### Your task
Each line below should be repeated exactly, but no picture should be carried over.

### Information shown
----------------------------------------

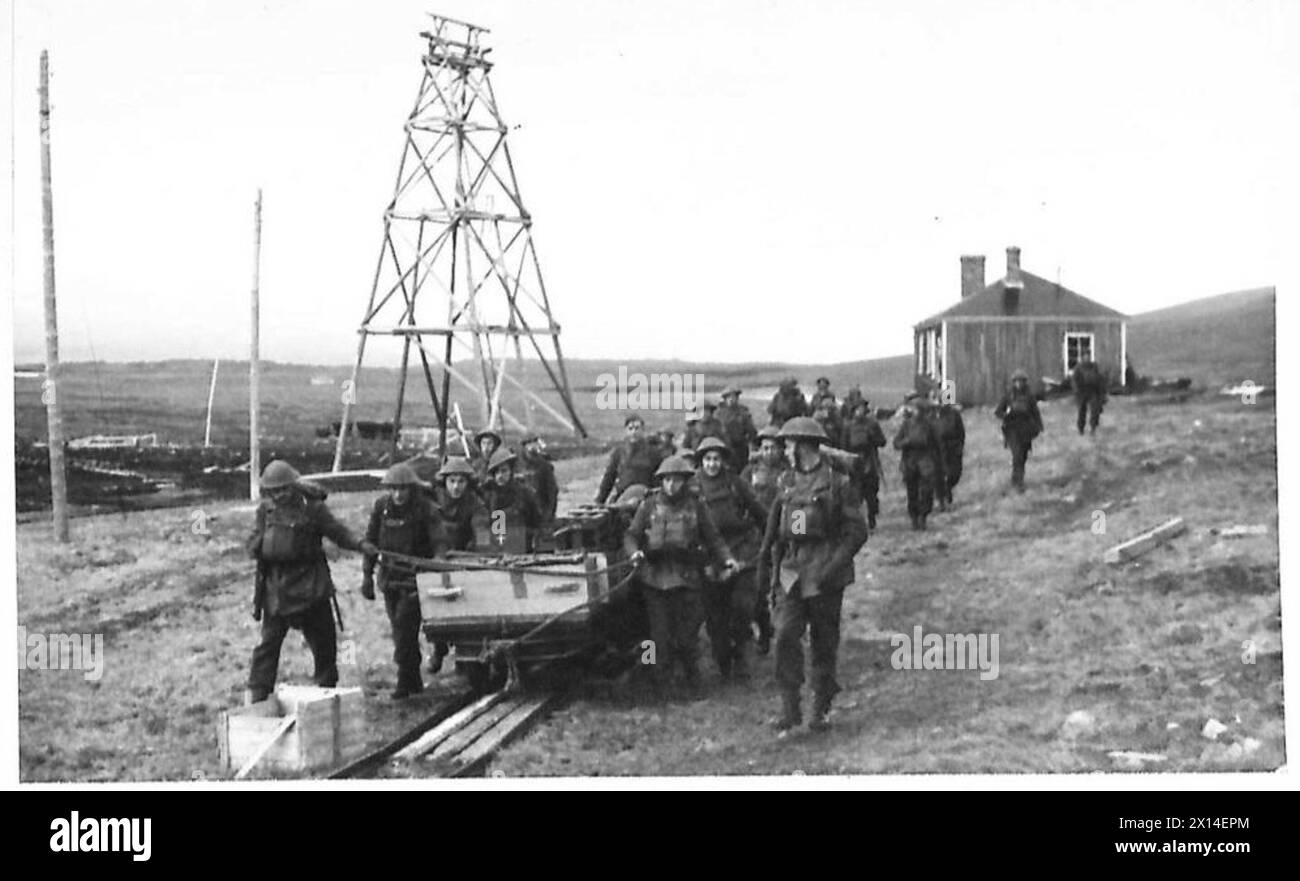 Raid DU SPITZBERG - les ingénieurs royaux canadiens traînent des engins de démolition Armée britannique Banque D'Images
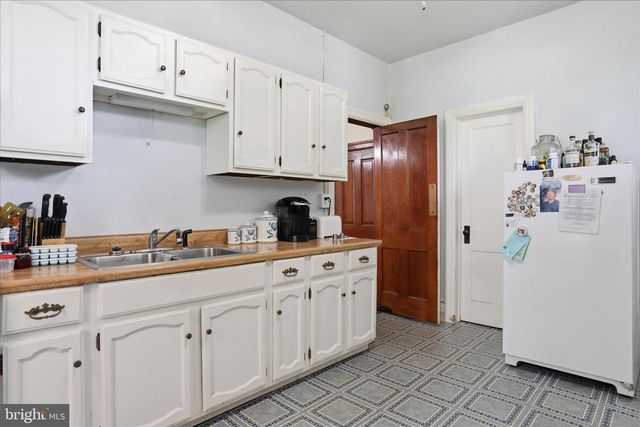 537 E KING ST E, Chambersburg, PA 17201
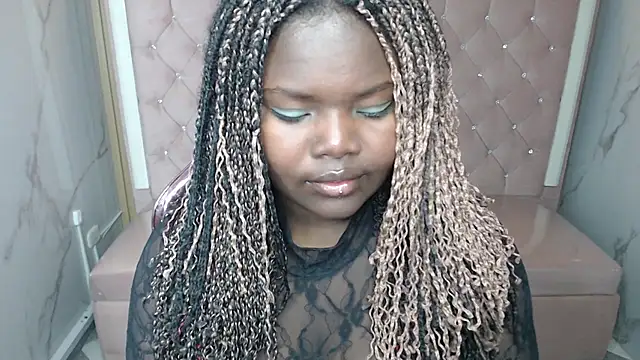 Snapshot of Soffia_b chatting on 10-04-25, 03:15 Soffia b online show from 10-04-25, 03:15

----------------------------------------

### Answer space
 Raid DU SPITZBERG - les ingénieurs royaux canadiens traînent des engins de démolition Armée britannique Banque D'Images
 537 E KING ST E, Chambersburg, PA 17201
 Snapshot of Soffia_b chatting on 10-04-25, 03:15 Soffia b online show from 10-04-25, 03:15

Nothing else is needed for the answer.